Dalam rangka menggeser kajian dan
penelitian terhadap sunnah-sunnah Nabi kepada isu pemahaman hadis, Institut
telah mengadakan serangkaian seminar internasioanl bekerja sama dengan Lembaga
Kerajaan untuk Pengkajian Kebudayaan Islam Oman. Agenda itu dilaksanakan di
tengah Muktamar Umum ke-7 Lembaga Kerajaan untuk Kajian Kebudayaan. Pertemuan
itu diikuti oleh seratus duapuluh intelektual, profesor, dan peneliti. Acara
dimulai hari senin 15 Dzulqa’dah 1409 H./ 19 Juni 1989 M. dan selesai pada hari
kami 18 Dzulqa’dah atau 22 Juni 1989 M. dan tema besarnya adalah “Sunnah Nabi:
Metodenya dalam Membangun Pengetahuan dan Kebudayaan”. Materi yang paling
penting dibahas adalah karya Syekh Al-Ghazali dan karya Prof. Yusuf
al-Qaradawi. Selain banyak makalah-makalah berharga lainnya yang ditulis untuk
diskusi pada seminar ketiga.
Institut meyakini bahwa isu pemahaman sunnah
dan kristalisasi metode pemahaman, standar, batasan kritik matan dan sejenisnya
merupakan isu yang akan membantu menjadikan Sunnah Nabi yang suci sebagai
sumber peradaban, pengetahuan dan kebudayaan Islam. Ia adalah isu penting yang
membutuhkan banyak kerja keilmuan, kajian kritis, seminar-seminar ilmiah agar
sunnah dapat kembali mengambil peran positifnya yang aktif dalam membangun
kehidupan Islam kontemporer.
Terkadang, kebutuhan tampak meningkat sampai
isu tersebut perlu dimasukkan ke dalam kurikulum kajian hadis di
perguruan-perguruan tinggi, fakultas-fakultas, dan institut-institut keislaman.
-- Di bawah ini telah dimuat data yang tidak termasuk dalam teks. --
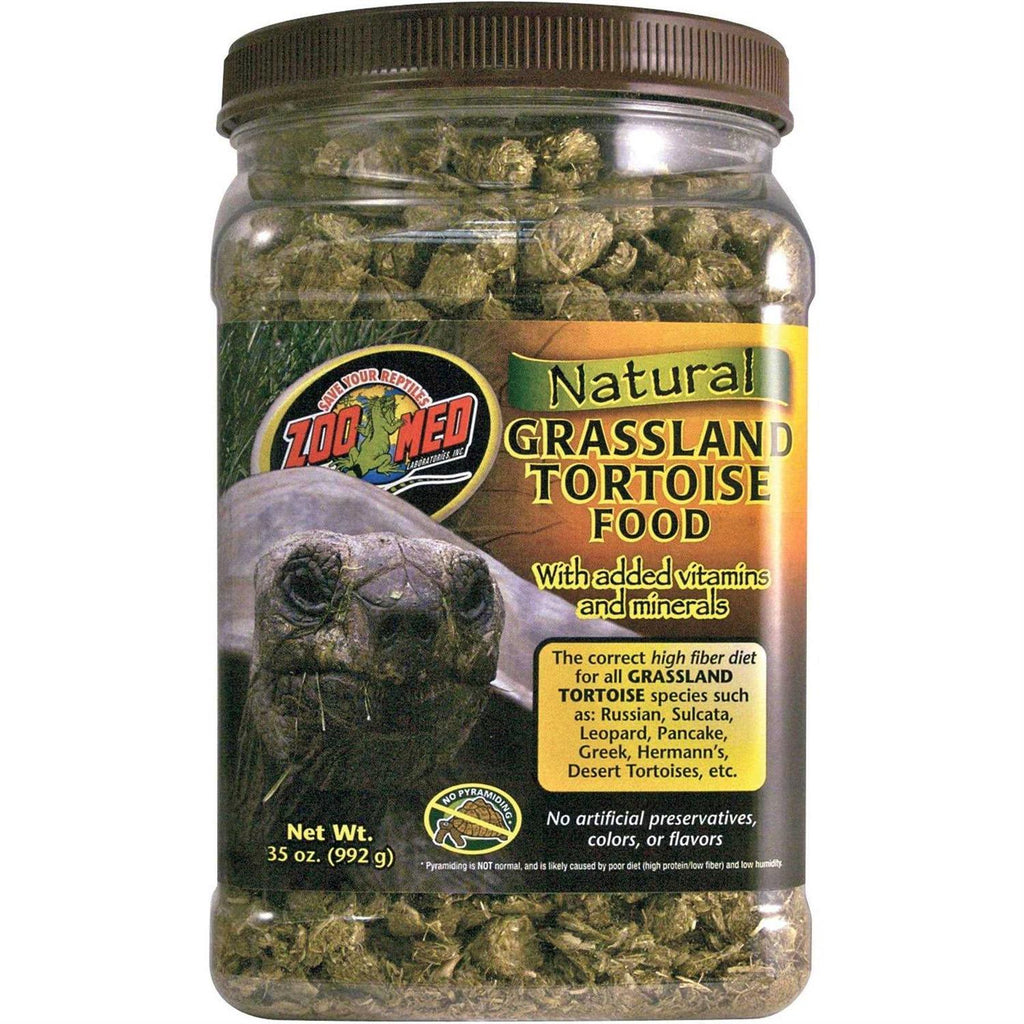 Natural Grassland Tortoise Food O7138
Dan menempatkannya sebagai ganti dari kajian materi yang telah diajarkan.
Buku tersebut telah sampai kepada tangan
pembaca dan dicerna oleh akal fikiran masyarakat. Kami berharap perhatian umat
Islam meningkat berlipat ganda kepada isu pemahaman sunnah populariasi dan
penguatan kaidah-kaidah pemahaman, batasan-batasan, syarat-syaratnya,
penjelasan sebab timbulnya perbedaan, perubahan pemahaman dalam suatu kondisi, serta
bagaimana timbulnya kendala dalam proses pemahaman sunnah. Apa faktornya,
bagaimana cara menganalisis permasalahan-permasalahan yang saling tumpang
tindih yang menyebabkan kerancuan dan ketumpang-tindihan masalah tersebut
hingga menjadi masalah dalam proses pemahaman. Apa dampak kendala pemahaman
pada timbulnya gagasan dalam ilmu kalam tentang otoritas sunnah?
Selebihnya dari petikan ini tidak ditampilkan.